-
Notifications
You must be signed in to change notification settings - Fork 13
Description
Hi -- very nice eval.
I'm looking at the difficult subset and it seems like there are a number of problems that are incorrectly specified or have bugs in the reference solutions. Here are a few examples I've run into when checking the first ~30 tests.
evoeval-1: The task says inputs will be split by spaces into groups, but many tests are of the form "(()))()(()" with the expected output being "(())", "()" but this is wrong according to the spec, this should be treated as one group and dropped.

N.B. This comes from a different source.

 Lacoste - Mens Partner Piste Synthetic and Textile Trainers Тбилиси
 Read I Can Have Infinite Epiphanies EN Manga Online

evoeval-14: In the example case all_prefix_suffix_pairs('abcadg', 2) it's not specified why ('abc', 'adg') shouldn't be valid. This also has length>=2 and is non-overlapping.
evoeval-22: Several test cases are wrong; on the input [True, False, None, 0, 1, 2] the output given is [false, 0, true, 1, 2] but false and true are not integers.
evoeval-23: The task says that whitespace should be removed, but the test case '\t\n', True, False says Expected 2 when '\t\n' is whitespace.
evoeval-3: The test case doesn't clearly state that there is one transaction per day, a valid interpretation is that all transactions are done in one day and so either exceeding the daily limit (in sum total) is invalid or going negative is invalid
evoeval-32: The polynomial [10, -15, 56, -40] on the input range [-10, 10] does cross zero; the test case asserts the answer is false however, because the two endpoints have the same sign. The task technically says this is the correct output but I'd argue the task description should be changed.
I'm curious what process was used to generate and filter these test cases? What do you think is the highest achievable accuracy on this dataset? (From my quick scanning it looks like maybe 70-80% would correspond to a saturated dataset.)